Miss Watson's mind was in confusion. Could Mrs Cooke's pleasure really come from the thought of yet another addition to her large, dirty and unruly family? Or was she simply pleased to have a good excuse to leave the school in the lurch? Miss Watson, a realist, was inclined to think that the latter reason caused Mrs Cooke's evident smugness.

'Will you be able to cope with the holiday scrubbing?' asked Miss Watson, knowing the answer before the question was finished.

'Not a hope,' replied Mrs Cooke triumphantly. 'I'm inclined to miscarry if I does too much. It's a weak sort of uterus, you might say. Doctor said something about a prolapse. You know what that is?' asked Mrs Cooke darkly.

'No, I don't,' replied Miss Watson shortly. What a blessing to be a spinster, was her heartfelt thought!

'Well, that's that, I suppose, Mrs Cooke,' she continued resignedly. 'I must thank you for stepping into the breach. You'll sweep up now, will you?'

'I'll oblige,' said Mrs Cooke, inclining her head regally, and set about her limited labours.
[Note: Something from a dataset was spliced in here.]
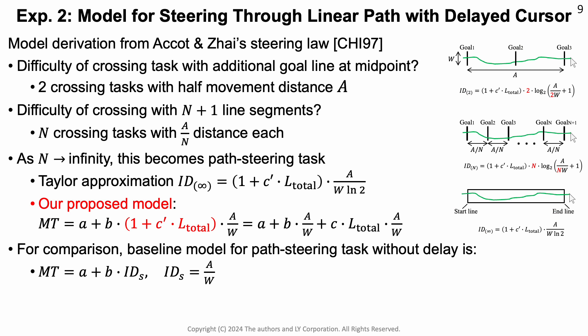Building on the first experiment that established that goal-crossing is predicted by a linear model, we now generalize from goal-crossing to path steering by following the same process as Accot and Zhai's steering law derivation. We start by looking at two subsequent crossing tasks and then n-crossing tasks. As we take this process to infinity, it becomes a path steering task. When doing this, we use a Taylor approximation and absorb the logarithmic term in the denominator into the constant, arriving at a model with a linear latency term.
'Would you have thought it?' asked Miss Watson of Miss Fogerty later. 'I gather she's still feeding that last baby - Adrian, or Clifford, or whatever it is. Frankly, I lose count of them.'

'It's a common fallacy,' pronounced Miss Fogerty importantly, 'that a woman who is feeding a child cannot fall again.'

Miss Watson looked at her assistant in astonishment.

'Agnes, dear,' she protested, 'how on earth do you know such things?'

'I always read the mothers' page under the dryer at the hairdresser's,' answered little Miss Fogerty imperturbably.

She skewered her good velour hat to her skimpy bun, and the two ladies made their way outside.

'But this doesn't solve our problem, does it?' said Miss Fogerty, pausing in the chilly porch.

Next door, Harold Shoosmith's gate clanged as Betty Bell set off home on her bicycle. Rosy and bright-eyed, as fresh as when she had arrived at work some hours earlier, she waved energetically to the two ladies in the school porch, before pedalling away briskly down the hill.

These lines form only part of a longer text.